== Entries supplied ==
::::

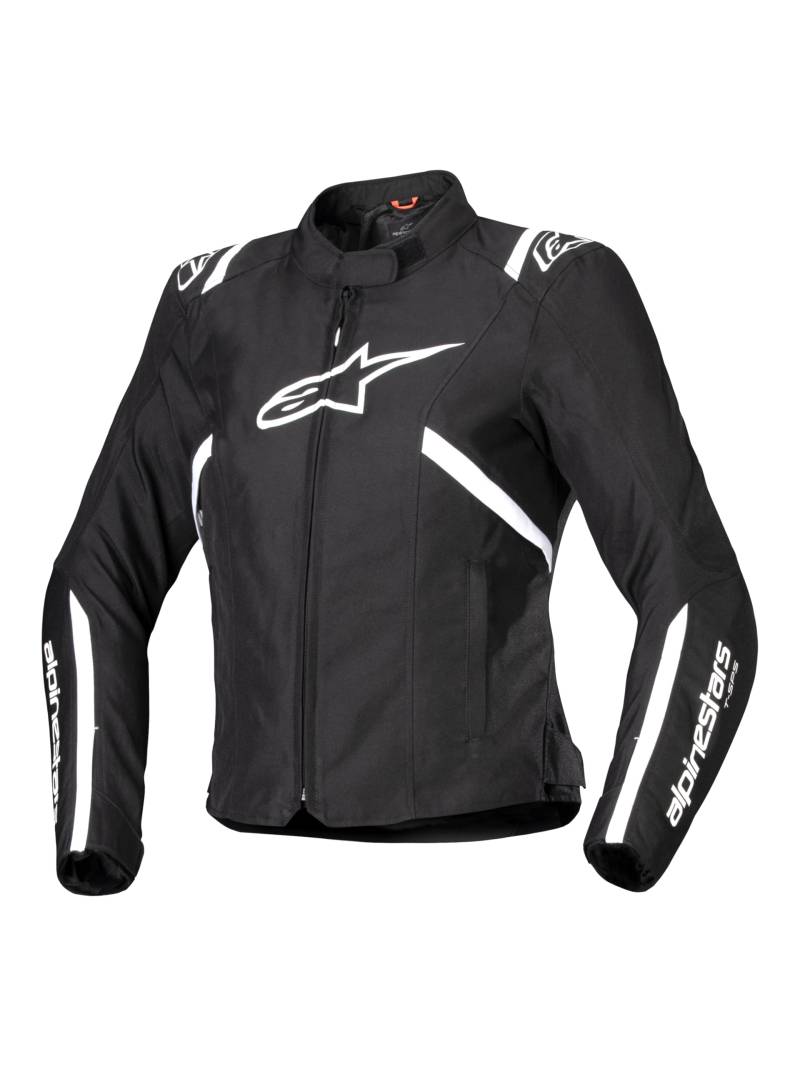 Alpinestars Stella T-SPS V2 WP Schwarz Weiß Damen Textil Motorrad Jacke, L von Alpinestars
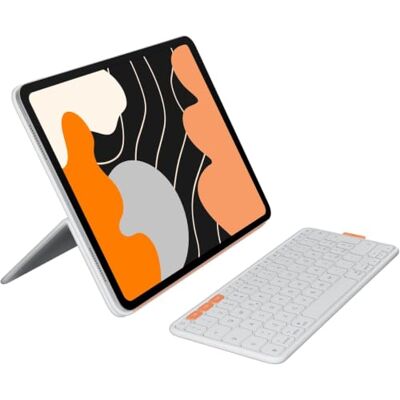 Logitech Flip Folio, Tastatur-Case für iPad Pro 13 Zoll (M4) und iPad Air 13 Zoll (M2 und M3) (2024, 2025) – Schutzcase mit verstaubarer Bluetooth-Tastatur, Multi-Device – Grafit QWERTY Logitech Flip Folio, Tastatur-Case für iPad Pro 13 Zoll (M4) und iPad Air 13 Zoll (M2 und M3) (2024, 2025) – Schutzcase mit verstaubarer Bluetooth-Tastatur, Multi-Device – Grafit QWERTY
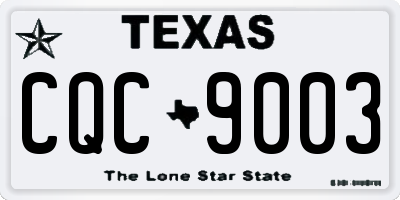 TX license plate CQC9003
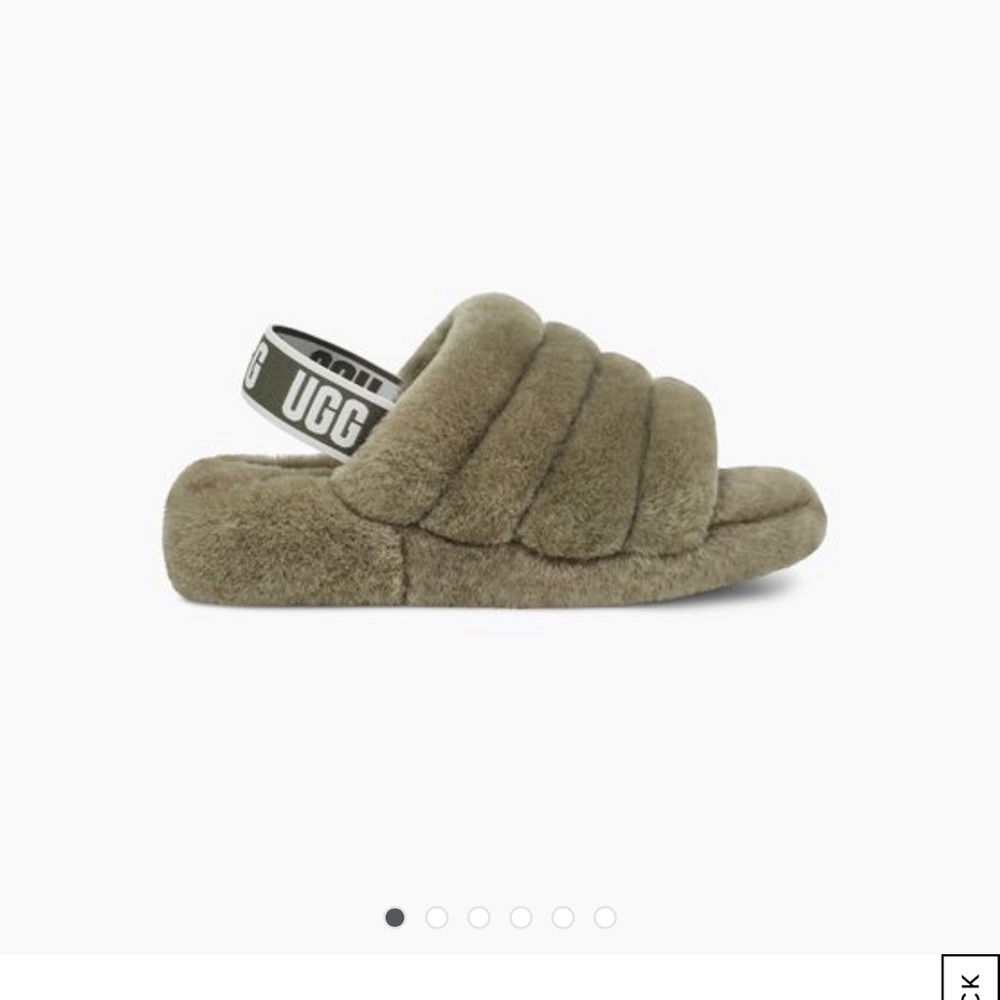 NWT Ugg Fluff Yeah Slide Burnt Olive size 9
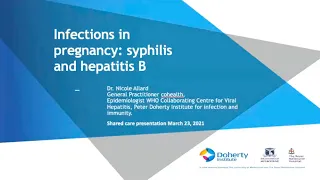 Syphilis, hepatitis B and common skin problems in pregnancy (webinar 23 March 2021)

::::

== Problem statement ==
Retype nothing except the lines from the first line of the listing above through the line with "TX license plate CQC9003", exactly as they stand, and no pictures.

== Worked solution ==
 Alpinestars Stella T-SPS V2 WP Schwarz Weiß Damen Textil Motorrad Jacke, L von Alpinestars
 Logitech Flip Folio, Tastatur-Case für iPad Pro 13 Zoll (M4) und iPad Air 13 Zoll (M2 und M3) (2024, 2025) – Schutzcase mit verstaubarer Bluetooth-Tastatur, Multi-Device – Grafit QWERTY Logitech Flip Folio, Tastatur-Case für iPad Pro 13 Zoll (M4) und iPad Air 13 Zoll (M2 und M3) (2024, 2025) – Schutzcase mit verstaubarer Bluetooth-Tastatur, Multi-Device – Grafit QWERTY
 TX license plate CQC9003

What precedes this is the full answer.